Die Theorie hierzu (zu den Kosten von Open Access):
Da sich an den Kosten fuer die Verlage praktisch nichts aendert,
darf das Publikationssystem nach partieller oder vollstaendiger
Migration zu Open Access insgesamt nicht teurer werden.

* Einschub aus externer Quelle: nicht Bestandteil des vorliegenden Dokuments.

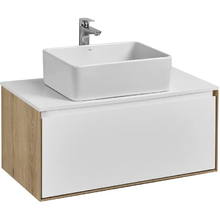 Тумба с раковиной Акватон Либерти 90 см, дуб эльвезия, белый, раковина накладная Mila 50 x 35, столешница белая, 1A2799К1LY010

Einnahmeverluste aus Subskriptionen "externer" Kunden (Firmen,
Privatpersonen etc. ) koennen erst an das Wissenschaftssystem
weitergereicht werden, wenn sie tatsaechlich eintreten. Bei hybriden
Zeitschriften ist dies erst in einer spaeten Phase der Fall (wenn
die Subskriptionspreise sinken).
Frage / Einwand:
Handelt es sich um einen Ad-hoc-Vorschlag oder ist er Teil einer
langfristigen Strategie?
Es geht bei dem pragmatischen Ansatz darum, den Anteil der Open-
Choice-Artikel erst einmal hochzufahren (wobei auf Nachahmer-Effekte
gesetzt wird). Ist eine bestimmte Quote von Open-Choice-Artikeln,
z.B. 20%, erreicht, werden die Subskribenden nur noch fuer die
Nicht-Open-Access-Artikel zahlen wollen, und die Verlage werden
genoetigt sein, die Subskriptionspreise zu senken. Damit besteht die
Moeglichkeit, die Publikationsgebuehren auch direkt zu bezahlen und
so die Kostentransparenz zu verbesssern. Ebenso verbessern sich die
Optionsmoeglichkeiten fuer andere Finanzierungsmodelle.